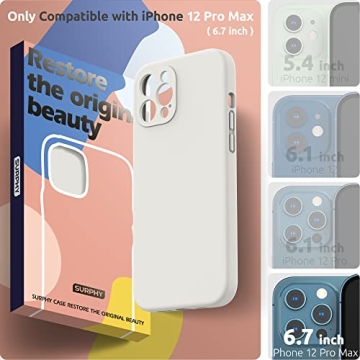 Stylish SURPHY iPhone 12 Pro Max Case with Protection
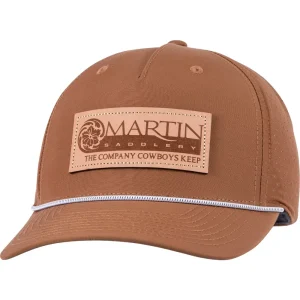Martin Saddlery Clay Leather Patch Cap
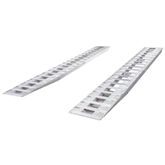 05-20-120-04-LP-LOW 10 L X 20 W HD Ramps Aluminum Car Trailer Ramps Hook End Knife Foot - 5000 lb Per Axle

________

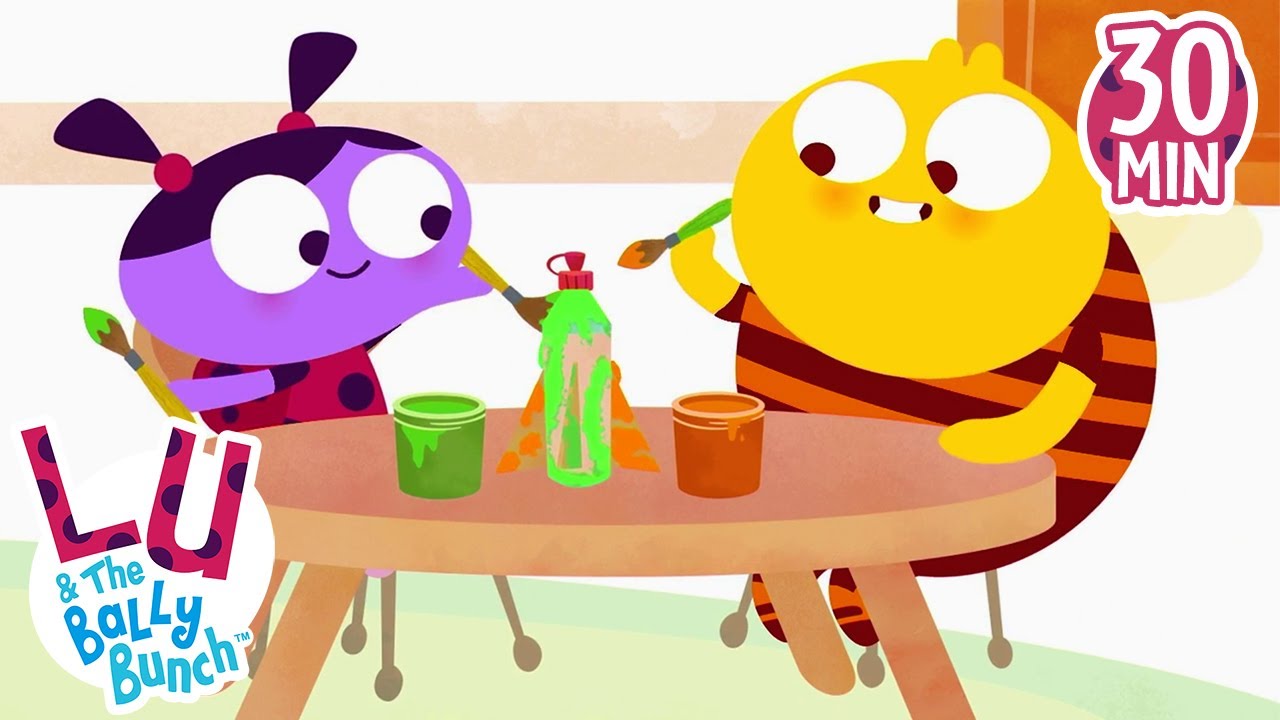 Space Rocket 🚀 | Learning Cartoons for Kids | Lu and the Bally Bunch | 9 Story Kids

________

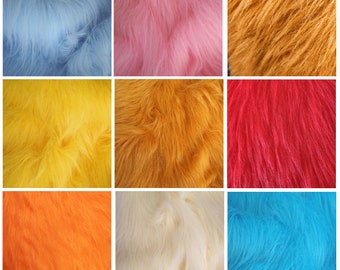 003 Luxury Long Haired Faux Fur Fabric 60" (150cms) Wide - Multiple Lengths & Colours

________

→ What is needed
For the entries above, print exactly the lines between the one with "Stylish SURPHY iPhone" and the one with "05-20-120-04-LP-LOW 10 L", inclusive, with no pictures.

→ Result of the task
 Stylish SURPHY iPhone 12 Pro Max Case with Protection
Martin Saddlery Clay Leather Patch Cap
 05-20-120-04-LP-LOW 10 L X 20 W HD Ramps Aluminum Car Trailer Ramps Hook End Knife Foot - 5000 lb Per Axle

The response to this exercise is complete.